AMC Pacer, an aquarium on wheels
03/02/2014
Around 40 years ago, AMC announced the Pacer, a new passenger car that would leave no one unaffected. Since then, it has repeatedly graced the lists of the ten ugliest cars and its owners must have had a fair amount of self-confidence.
The AMC developers had innovative plans when they launched the Amigo project in 1971. The car was to be safer than its competitors, which is why they gave it excellent all-round visibility and built-in rollover protection. It was to be powered by the small and lightweight Wankel engine and it was to be compact by American standards.

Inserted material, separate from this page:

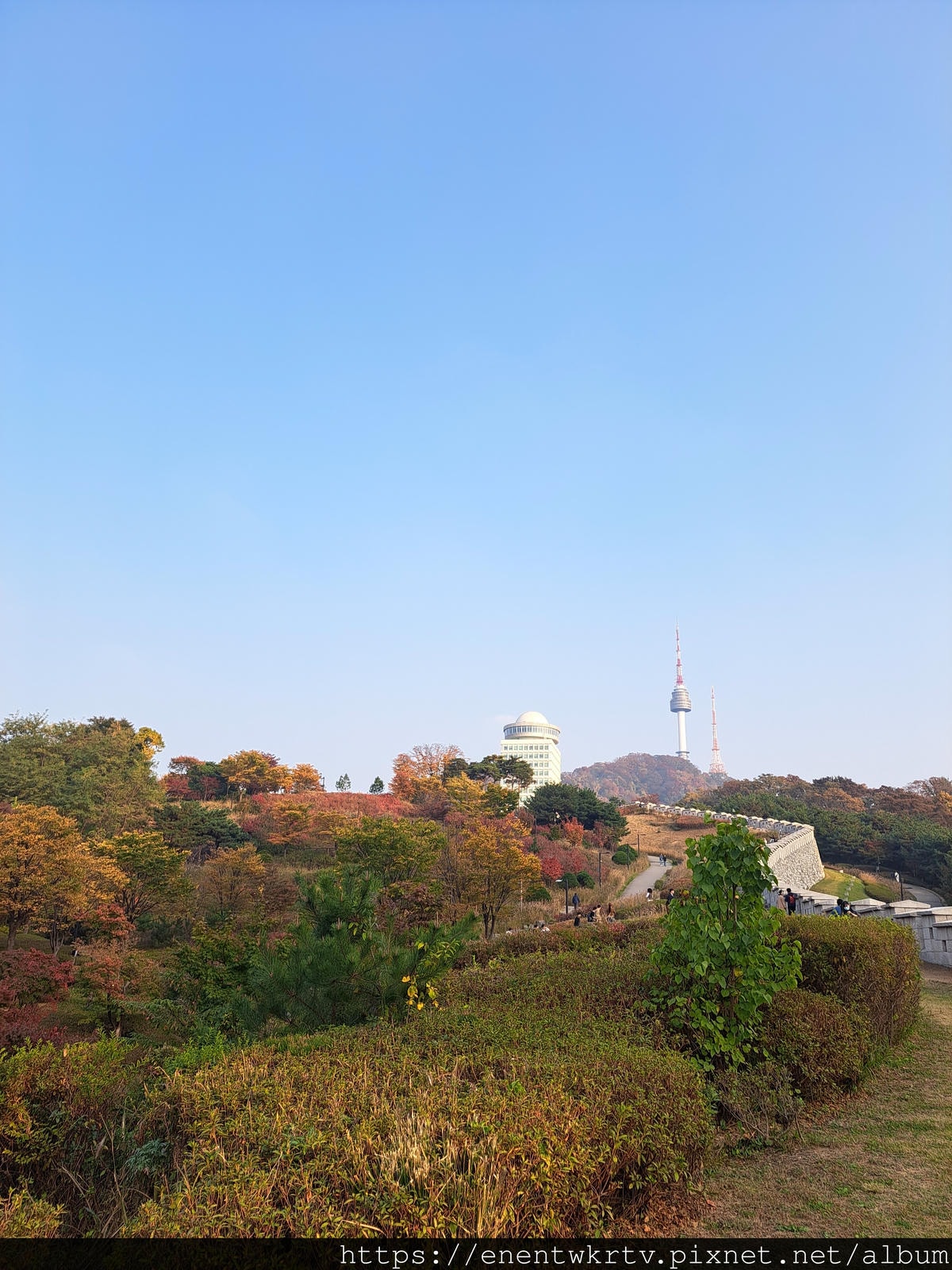 【首爾自由行丨韓國旅遊丨韓國秋天限定賞楓景點】首爾南山白凡廣 【首爾自由行丨韓國旅遊丨韓國秋天限定賞楓景點】首爾南山白凡廣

However, when General Motors abandoned the Wankel engine project, AMC also had to look for another solution. They decided to install their own six-cylinder engine and wanted to give it fuel injection to save at least a hint of innovation. However, it was then delivered with carburetor equipment.
The AMC Pacer was then launched as a 1975 model and it looked highly unusual. Road & Track described it as "fresh, bold and functional looking", but the car, which was only 4.3 meters long but over 1.9 meters wide, was not going to win any beauty awards. In addition, the car weighed almost 1.4 tons and the underpowered in-line six-cylinder engine with just under 90 hp had little to counter the weight.
The Automobil Revue wrote in its 1975 catalog: "Small perhaps for Americans, for us a short, very wide and very spacious car of unusual shape and full of new ideas: Passenger door 10 cm wider than the left door, exceptionally good visibility thanks to huge glass surfaces, very rigid but also very heavy body construction. Also electronic ignition, rack-and-pinion steering, rear door and rear folding seats."
The Pacer was available to buy from February 28, 1975 and 145,528 people opted for this unusual car in the first model year. Just under four years later, AMC stopped production after around 290,000 units. Even the five-liter V8 available from 1978 could not save the luxury compact car and even the somewhat less controversial estate version enjoyed sufficiently high demand from 1977 onwards.
Only a few Pacers found their way to Europe and a small number have probably survived to this day. All the more reason for passers-by to keep their mouths open when one of these vehicles, once ridiculed as Fred Feuerstein's car of the seventies, drives past.